The task:
Exclude pictures; retype the lines below from the line containing "Paper cut Baby" through the end of the records, both ends kept.

(Image-text web data)
—————

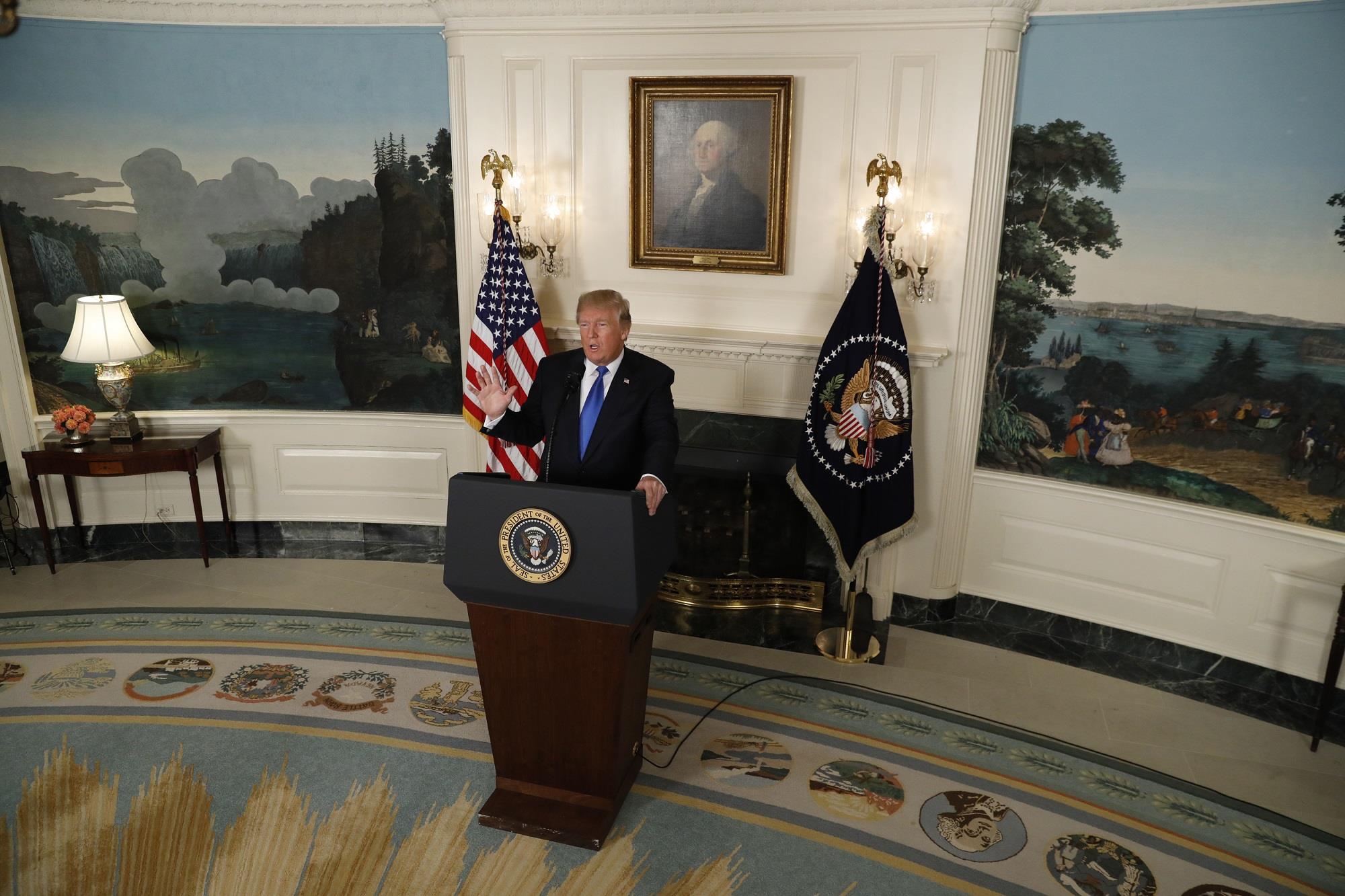 President Trump speaks about the Iran nuclear deal in the White House in Washington, on October 13, 2017.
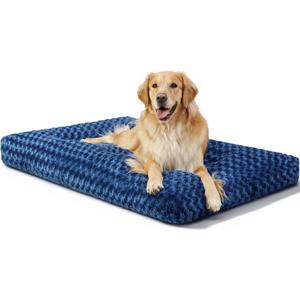 KSIIA Washable Dog Bed Comfy Dog Crate Pad Deluxe Plush Pet Bed Non-Slip Kennel Pad for Large Dogs, 41" x 27", Blue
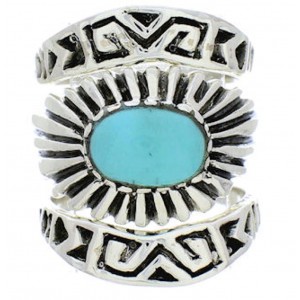 Southwestern Turquoise Silver Stackable Ring Set Size 6-1/4 UX33457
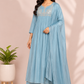 Blue Breeze Premium Mull Chanderi A-Line Suit Set (RT1184)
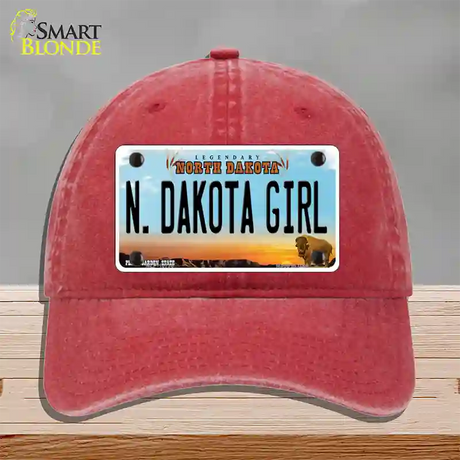 N Dakota Girl North Dakota Novelty License Plate Hat Unconstructed Cotton / Red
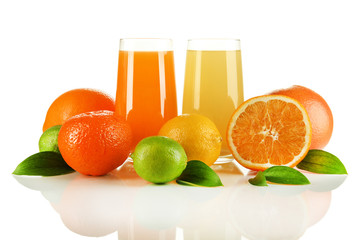 Glasses of juise with leafs and fruits isolated on white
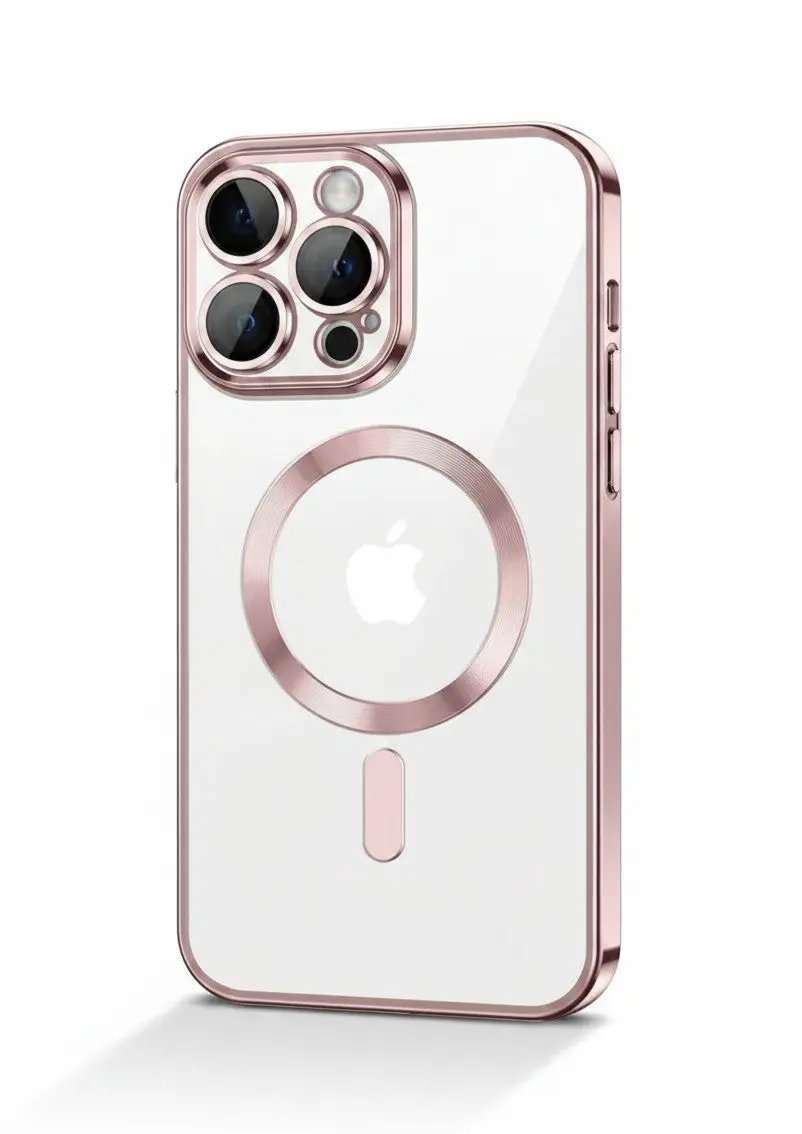 Apple iPhone case with a clear semi-transparent back, rose gold trim, MagSafe ring and raised camera lens guards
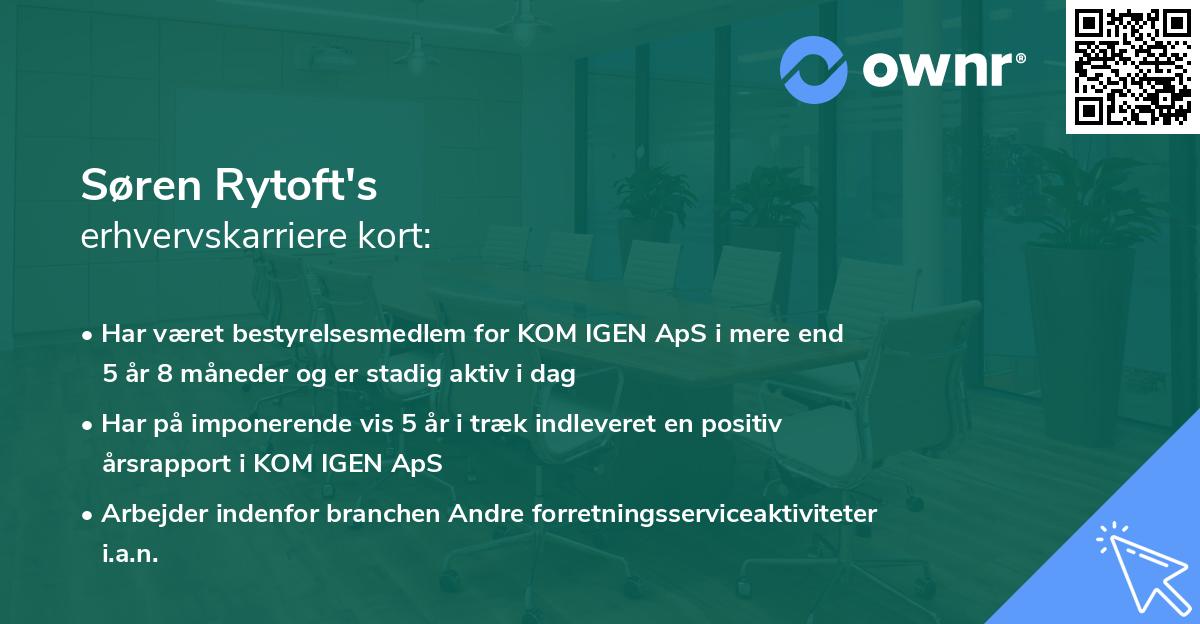 Søren Rytoft's erhvervskarriere kort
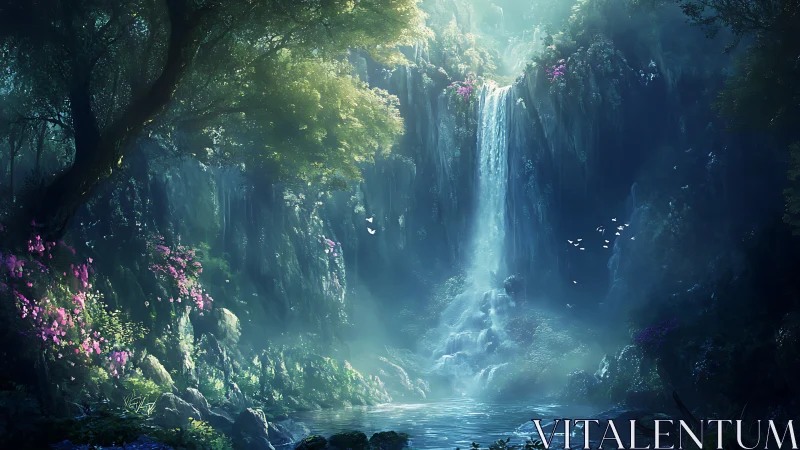 Digital landscape depicts central waterfall in dense forest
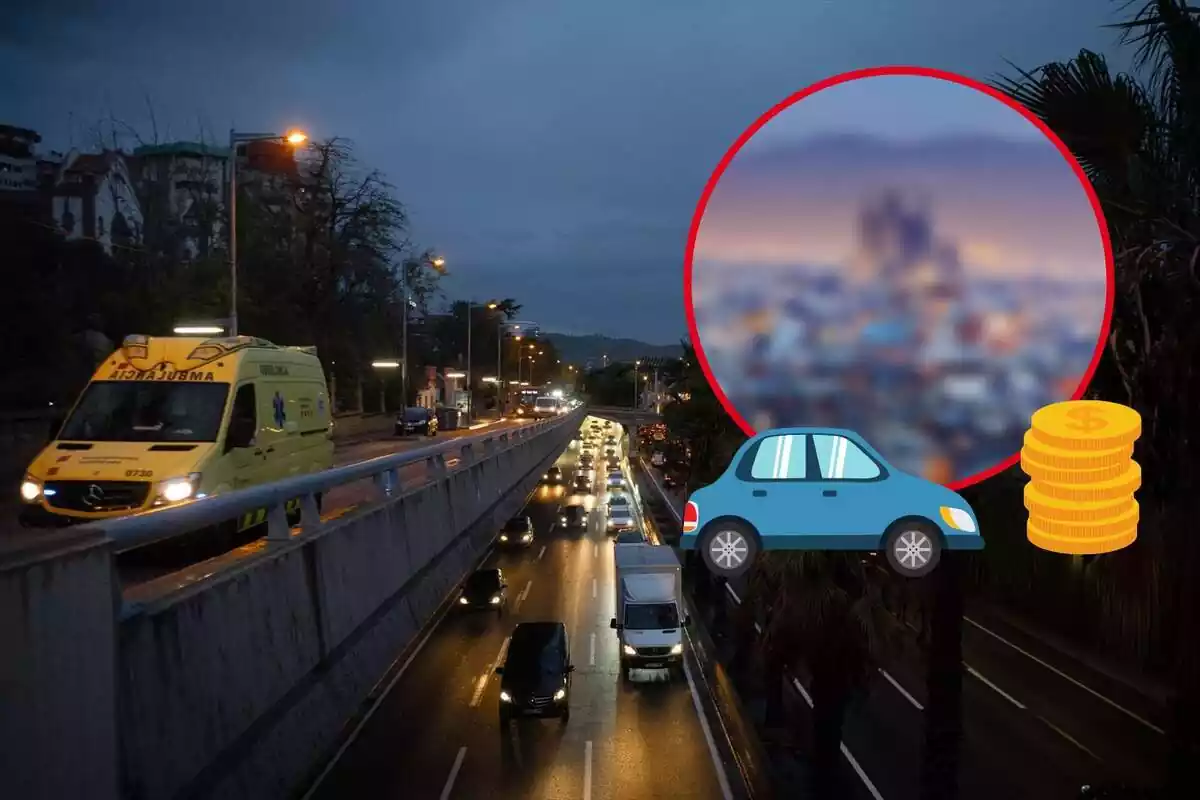 Montaje de una calle de Barcelona con coches, una imagen de Barcelona desenfocada, un coche y monedas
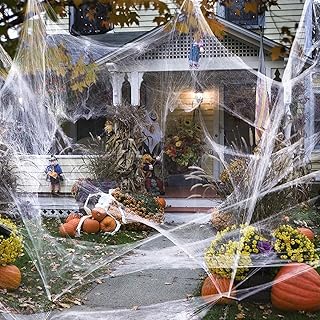 MOLYHUA 1800sqft Halloween Fake Spider Webs Decorations Halloween Cobwebs Decorations Party Props for Indoor and Outdoor -...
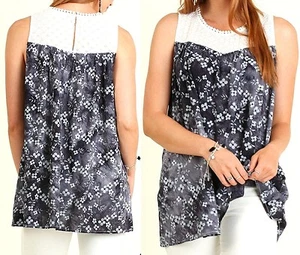 Top Umgee taglia S M L grigio bianco occhielli fata floreale cottage tunica camicia donna - Foto 1 di 6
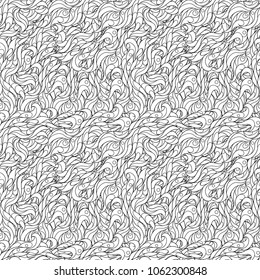 Linear wave seamless ornament with an abstract and twisted curls and petals. Rhythmic weave of patterns, endless vector tracery for fabric.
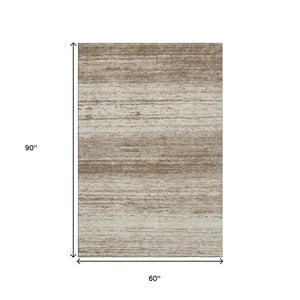 HomeRoots 5' X 8' Brown And Beige Striped Area Rug - Washable, Stain Resistant, UV Protected for Stylish Spaces 668103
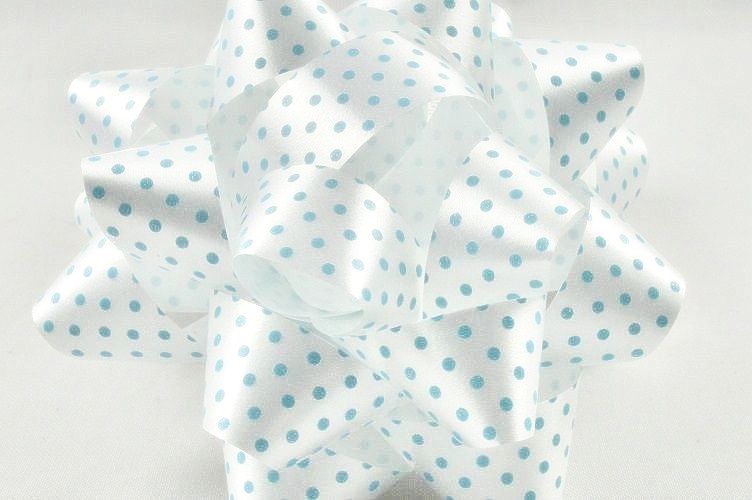 Confetti Bows - BLUE & WHITE Polka DOT Confetti BOW - PACK Of 2 - 10CM - Satin FINISH - GIFT Bows - Gift WRAP - Ribbons & BOWS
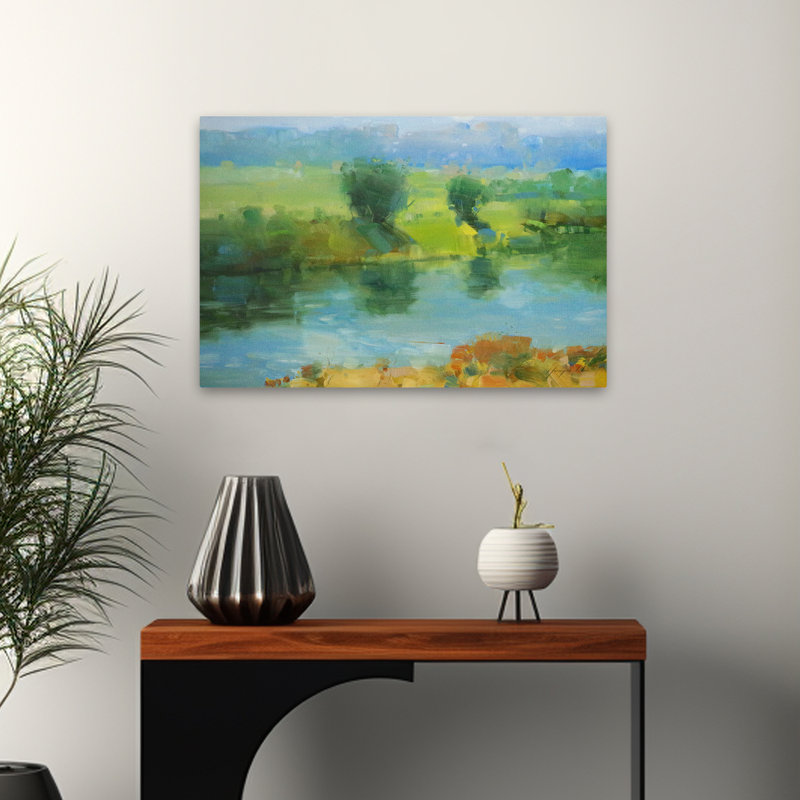 Summer Lake, nouvelle version 2019-5, art abstrait, art contemporain, H 24 po x l 16 po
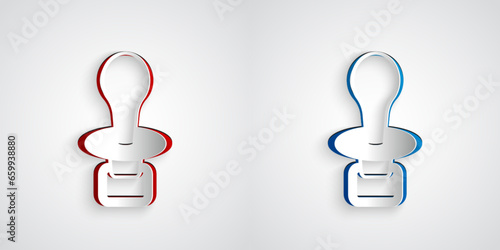 Paper cut Baby dummy pacifier icon isolated on grey background. Toy of a child. Paper art style. Vector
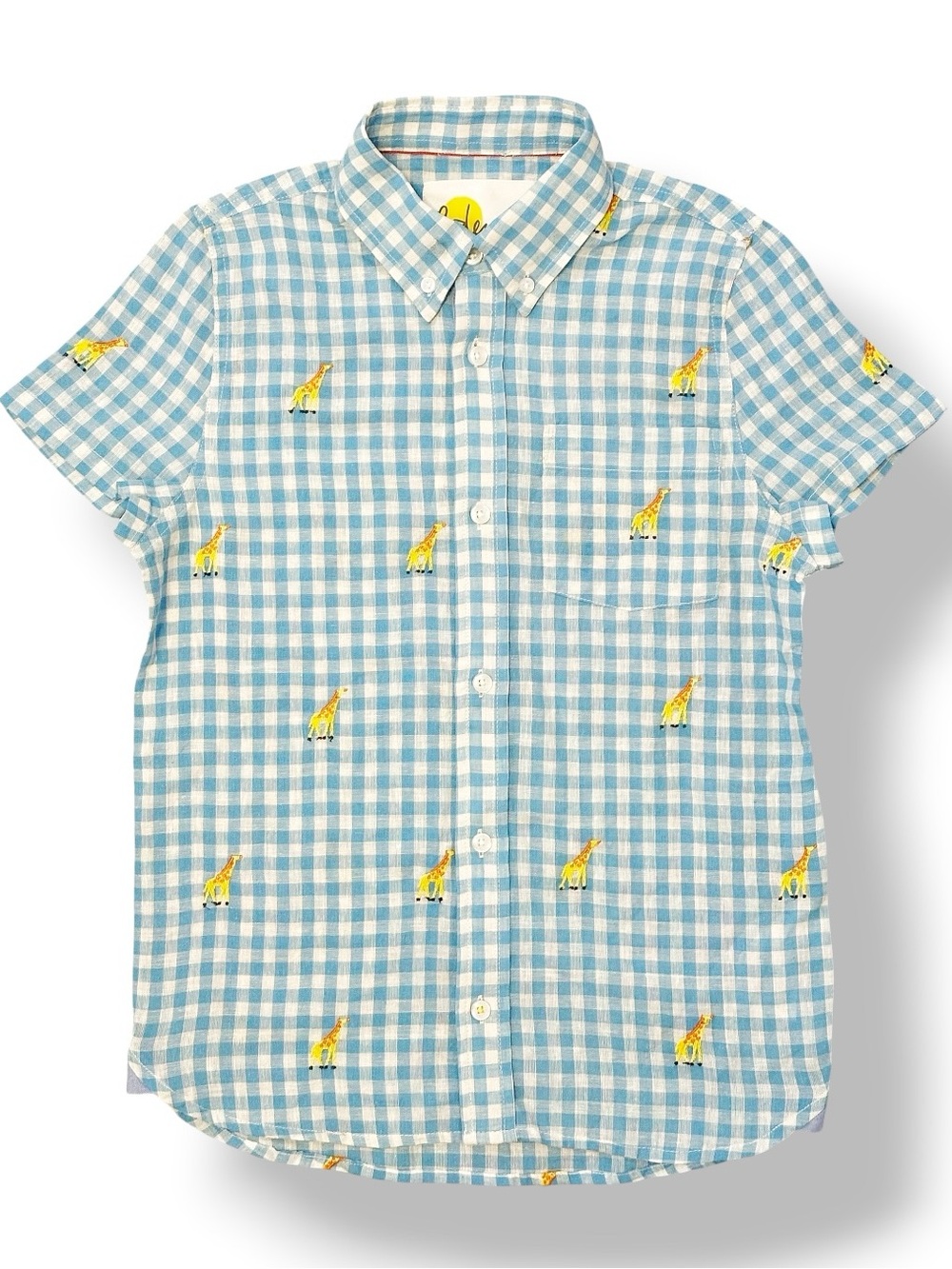 Boden | Linen Blend Gingham Short Sleeve Button Down Shirt (11-12 yrs) 🦒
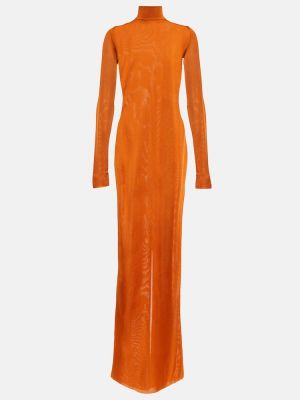Sukienka długa Saint Laurent pomarańczowa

—————

Written response:
 Paper cut Baby dummy pacifier icon isolated on grey background. Toy of a child. Paper art style. Vector
 Boden | Linen Blend Gingham Short Sleeve Button Down Shirt (11-12 yrs) 🦒
Sukienka długa Saint Laurent pomarańczowa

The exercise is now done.